The rescue I adopted Fionn from does Santa pictures as a fundraiser every year. Since this may be Fionn's last Christmas, I thought for once I should do it even though he wasn't feeling too well after chemo. Boy am I glad I did! Almost can't tell he's missing a front leg since they positioned the scarf so well! He's such a happy boy:--heart::--heart:


----------



## Otis-Agnes (Nov 24, 2015)

I don't have a pic with Santa but here's Penny with a Patriot's Santa hat on. Merry Christmas! Agnes


----------



## Neeko13 (Jul 10, 2010)

Its 4 years old, but my favorite...Neeko & Molson with Santa...:--heart::--heart:


----------



## Pammie (Jan 22, 2011)

I have no Santa pics either...how about waiting for Santa?!!!

I have been a very good boy!


----------



## Cpc1972 (Feb 23, 2015)

I have no Santa picks this year. Have one from last year. But weather and being busy we didn't get any. I do have some antlers coming so I will get some Christmas pictures.


----------



## Charliethree (Jul 18, 2010)

Hogan is so sweet!! All the pictures are fabulous!!

Mine got into the spirit, even though there was no Santa visit.


----------



## jennretz (Jul 24, 2013)

Beautiful pictures Charliethree


----------



## Rookie's Dad (Feb 19, 2014)

*Rookie's 1st. Christmas*

Santa pay's a visit.


----------



## smp (Apr 27, 2016)

Wait...why does Santa look different in all of these photos... must be the different cameras.

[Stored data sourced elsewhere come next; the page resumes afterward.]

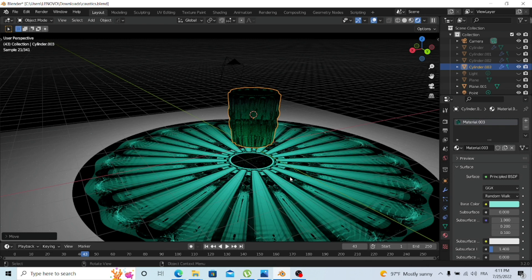I hope you liked it. You'll find everything in the link in the description — all the glasses and settings are already enabled. You just have to try it and play around with the scene. Thank you for watching and see you next time!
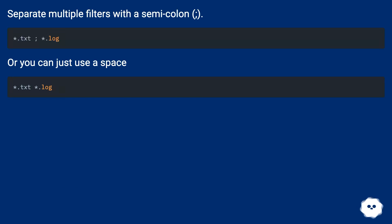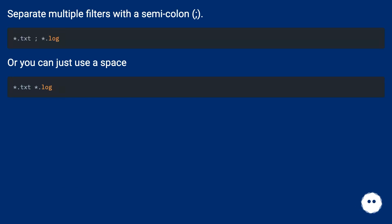Separate multiple filters with a semicolon, or you can just use a space.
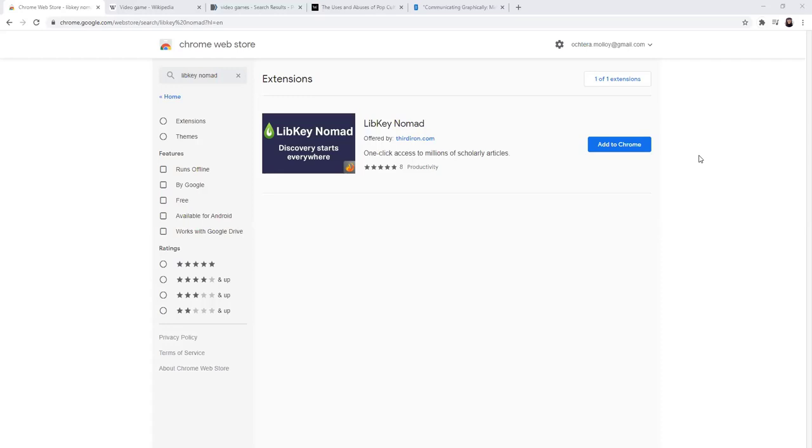It does this by comparing the DOI of the article to both library resources and open paywall to get you to the article text. Since this is an extension, you do need to add it.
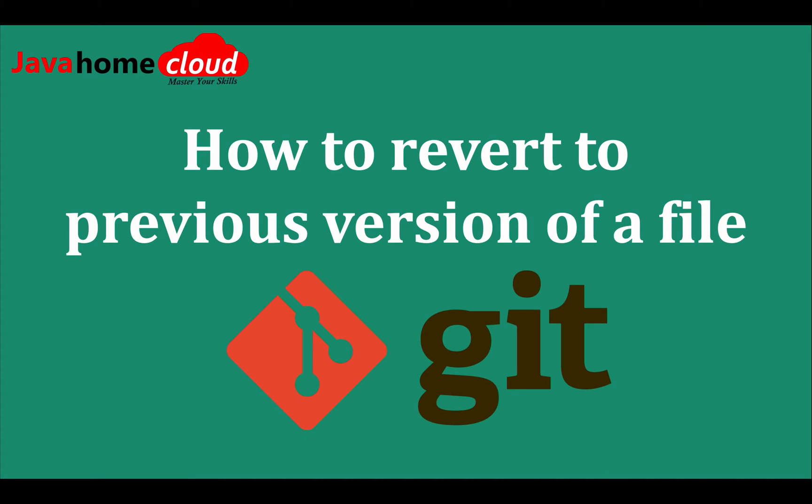Hello guys, welcome back. In this video I will demonstrate how to revert to a previous version of a file in Git. Let's say you have a scenario where you did a recent release and found defects in production, and for fixing it temporarily you want to revert back to its previous version and deploy that to production.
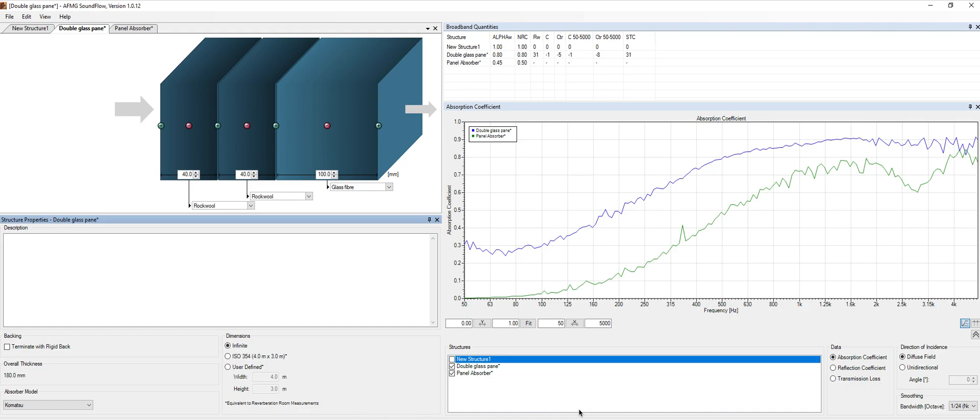From Online Acoustics, this is the first video that we are doing about one of the softwares that we use in our company called SoundFlow from a German company called AFMG.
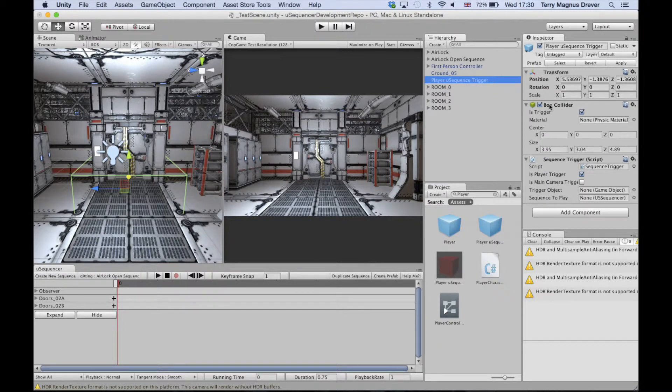This game object should already have a collider and a script attached to it, and for the sake of clarity, you could also give this trigger a sensible name.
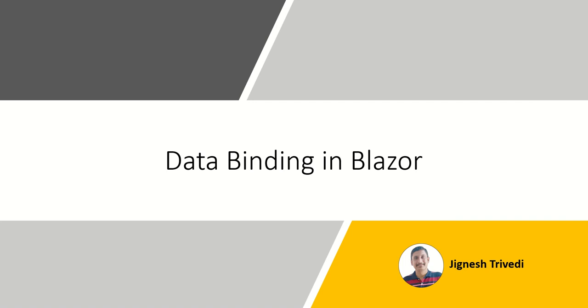Hello friends, my name is Jignesh Trivedi. In this video, I am going to explain data binding in Blazor.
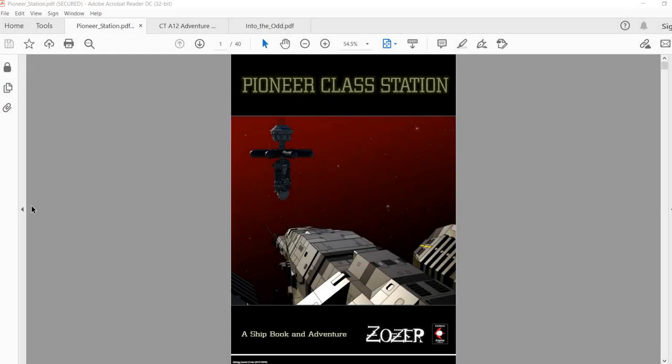Okay, let's take a look at this wonderful little product here. It's called the Pioneer Class Station from Zosa. It says it's a ship book and adventure on the cover, but it's actually more of a space station and adventure.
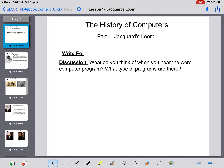Welcome to the History of Gaming course elective at Sequoia High School. To start out, we're going to learn the history of computers and how computers were created and evolved over time, which led to the development of video games. Our first lesson, Part One of the History of Computers, is the Jacquard loom.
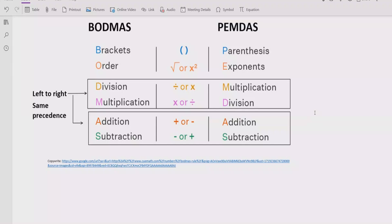Step number 3 is to find out division and multiplication. Go left to right in your expression — if division is coming first, solve that part first. It is not the case that using BODMAS means you always solve division first, or using PEMDAS means you solve multiplication first. Step number 4 is to find out addition and subtraction after solving all division and multiplication, going left to right.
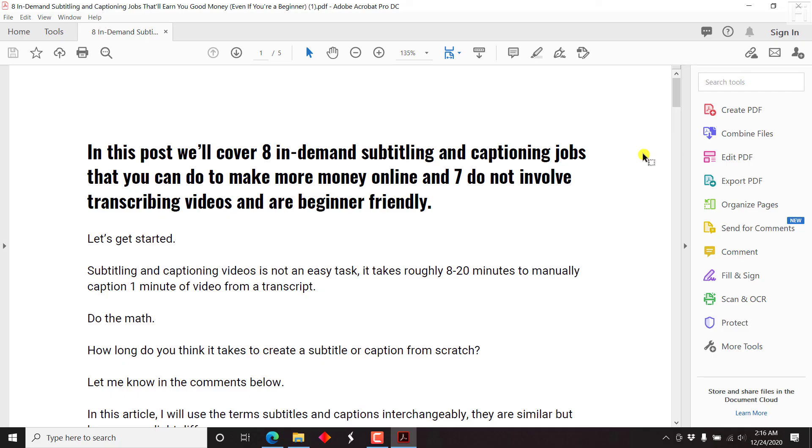So that's how you can easily remove the password from a PDF. And please remember, you need to know the PDF password to remove it using Adobe Acrobat Pro DC. Thank you so much for watching this video, and until next time, stay safe.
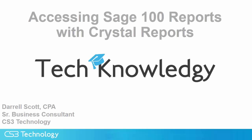This is Darrell Scott. The knowledge tip for today is accessing SAGE 100 reports with Crystal Reports.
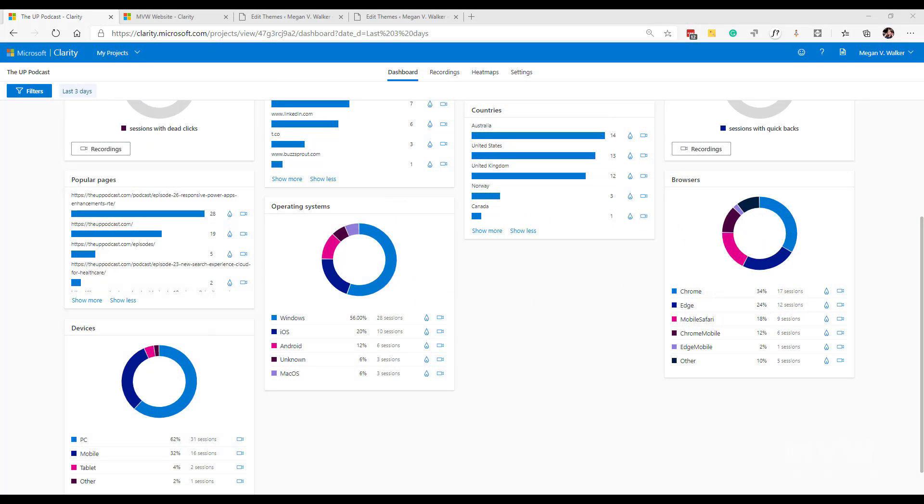In this video we're going to look at the ability to add custom tags that you can use within Microsoft Clarity so that you can then filter your dashboard and your recordings. This doesn't work for heat maps but we will be able to do it for dashboard and recordings.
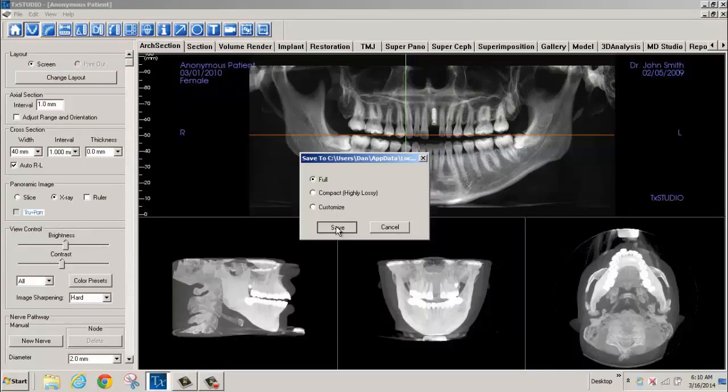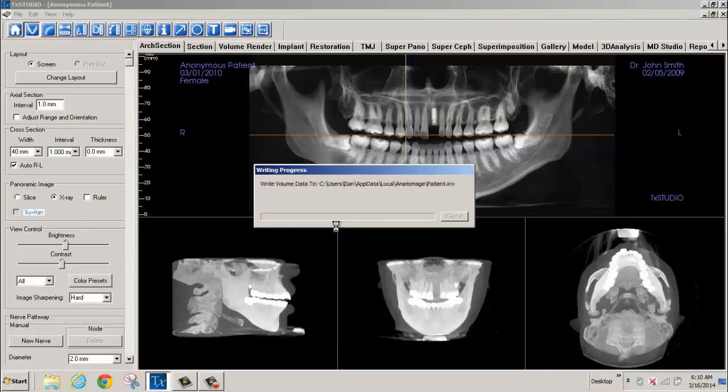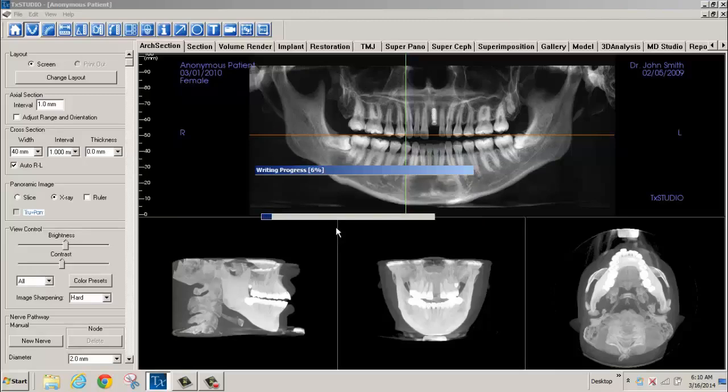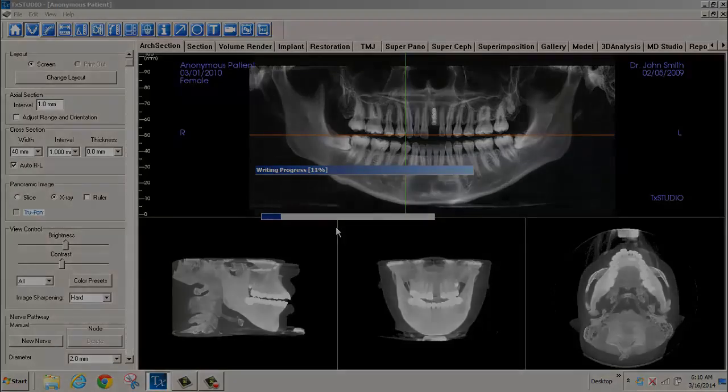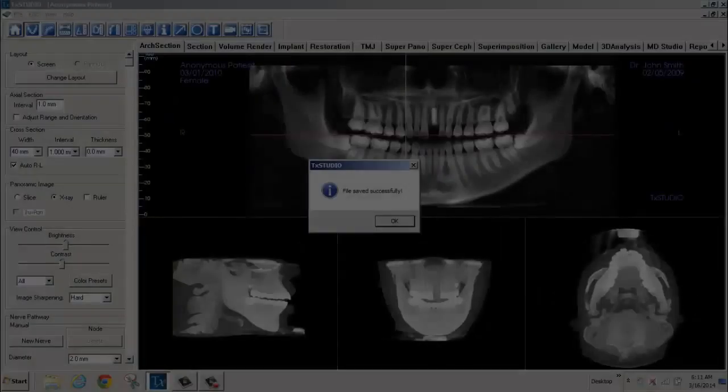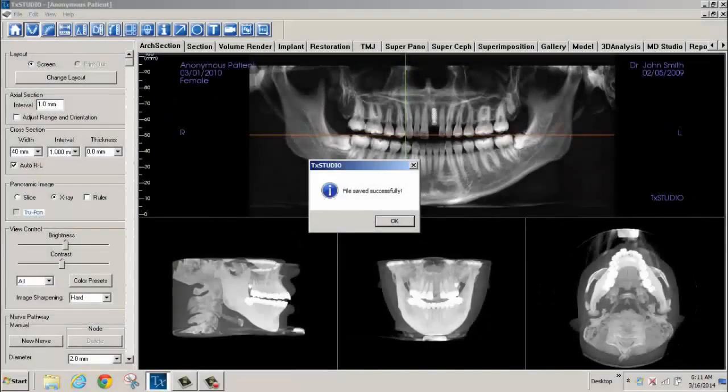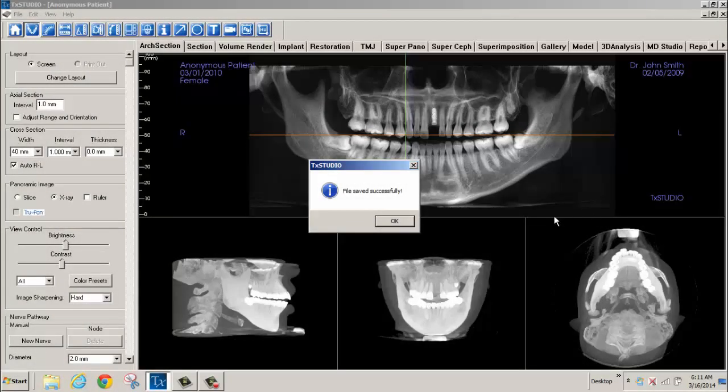Accept Full in the pop-up window and select Save. The case will now be sent to your computer's burn directory. Upon completion, select OK in the Treatment Studio pop-up window.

Here's Sadie on our Christmas card. The boys make it every year and this year they built her in Minecraft!


----------



## TexasGold (Aug 29, 2016)

Beautiful pictures!!


----------



## Foster's Mom (Nov 29, 2016)

Foster loves Santa Paws!


----------



## duncmelsmom (Dec 19, 2016)

Here's our Christmas card of our sweet Olive! She is 12 weeks old.


----------



## TexasGold (Aug 29, 2016)

We went to see Santa Claus today!


----------



## Cpc1972 (Feb 23, 2015)

No pictures with Santa. But a reindeer visited.


----------



## Ivyacres (Jun 3, 2011)

All the photos are so cute!


----------